Gross v. Pirtle

116 F. App'x 189
CourtCourt of Appeals for the Tenth Circuit
DecidedOctober 27, 2004
Docket01-2337
StatusUnpublished
Cited by3 cases

This text of 116 F. App'x 189 (Gross v. Pirtle) is published on Counsel Stack Legal Research, covering Court of Appeals for the Tenth Circuit primary law. Counsel Stack provides free access to over 12 million legal documents including statutes, case law, regulations, and constitutions.

Bluebook
Gross v. Pirtle, 116 F. App'x 189 (10th Cir. 2004).

Opinion

*191 ORDER AND JUDGMENT **

TERRENCE L. O’BRIEN, Circuit Judge.

After examining the briefs and appellate record, this panel has determined unanimously that oral argument would not materially assist the determination of this appeal. See Fed. R.App. P. 34(a)(2); 10th Cir. R. 34.1.9(G). The case is therefore ordered submitted without oral argument.

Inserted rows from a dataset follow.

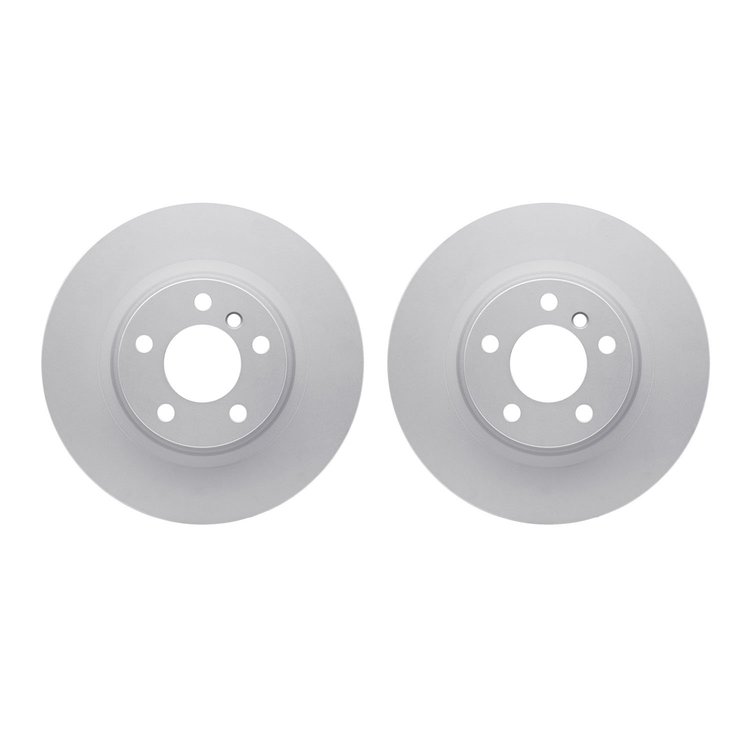 4002-31080 Geospec Brake Rotors, 2011-2018 BMW, Position: Rear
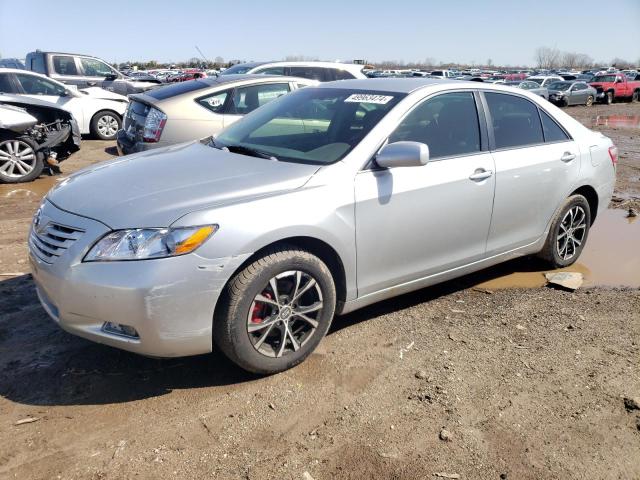 TOYOTA CAMRY 2007 4t1be46k67u646376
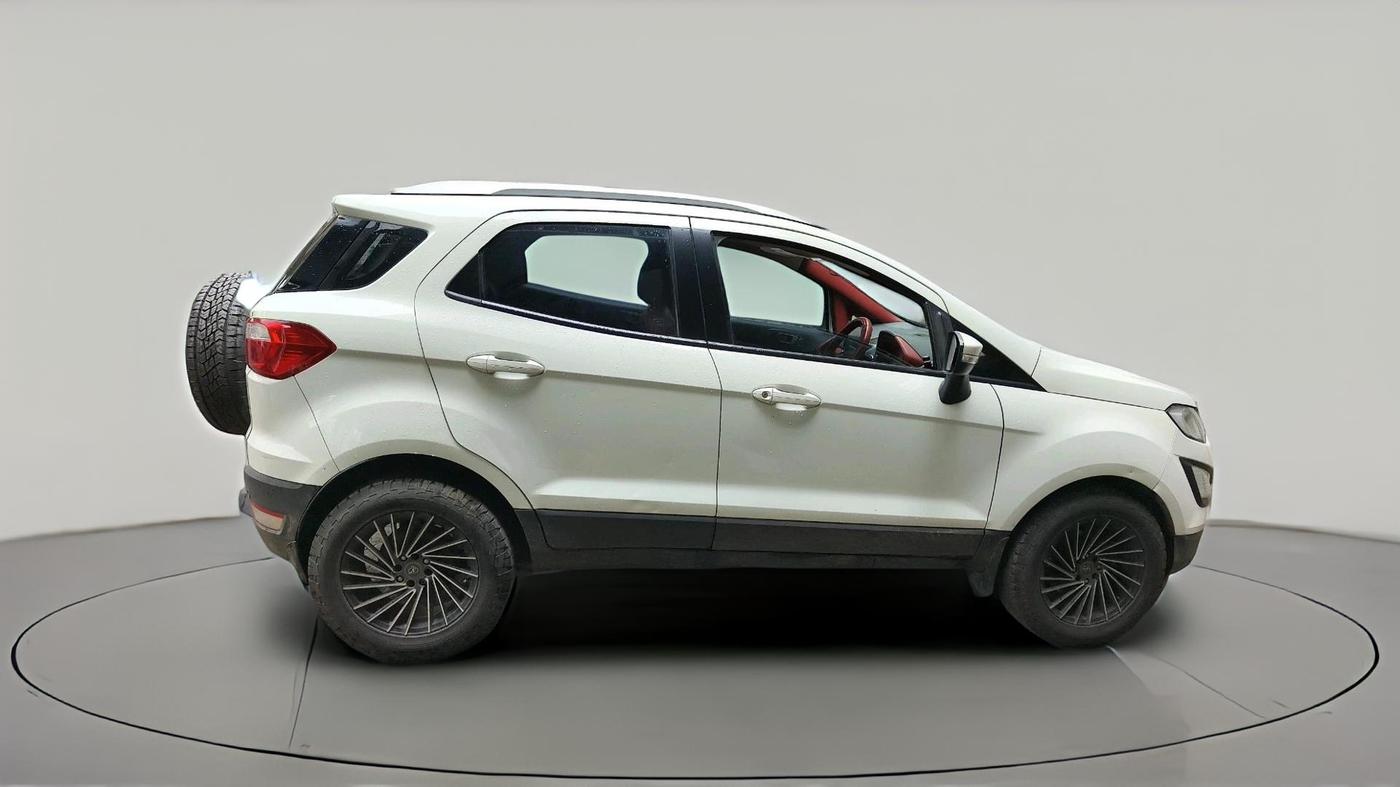 2021 Ford Ecosport TITANIUM 1.5L DIESEL, Diesel, Manual, 85,995 km, exterior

This is the second appeal in this case. William Gross challenges the district court’s grant of summary judgment in favor of Defendants Deputy Quent Pirtle and Dona Ana County (the County). With regard to his appeal of the dismissal of his Fourteenth Amendment due process claim, Defendants have filed a motion to dismiss. For the reasons stated herein, we grant Defendants’ motion. As to the remainder of this appeal, we exercise jurisdiction pursuant to 28 U.S.C. § 1291 and affirm.

Factual Background

On Friday, November 13, 1998, Gross was stopped at a sobriety checkpoint in Las Cruces, New Mexico, at approximately 10:45 p.m. Because he admitted to consuming alcohol earlier that evening, he was sent to a secondary location for further inquiry. Although it was determined that Gross was not impaired, one officer, Officer Ordonez, noticed a dealer’s license plate on Gross’ vehicle. Officer Ordonez asked Deputy Pirtle to investigate whether Gross’ use of the plate was lawful.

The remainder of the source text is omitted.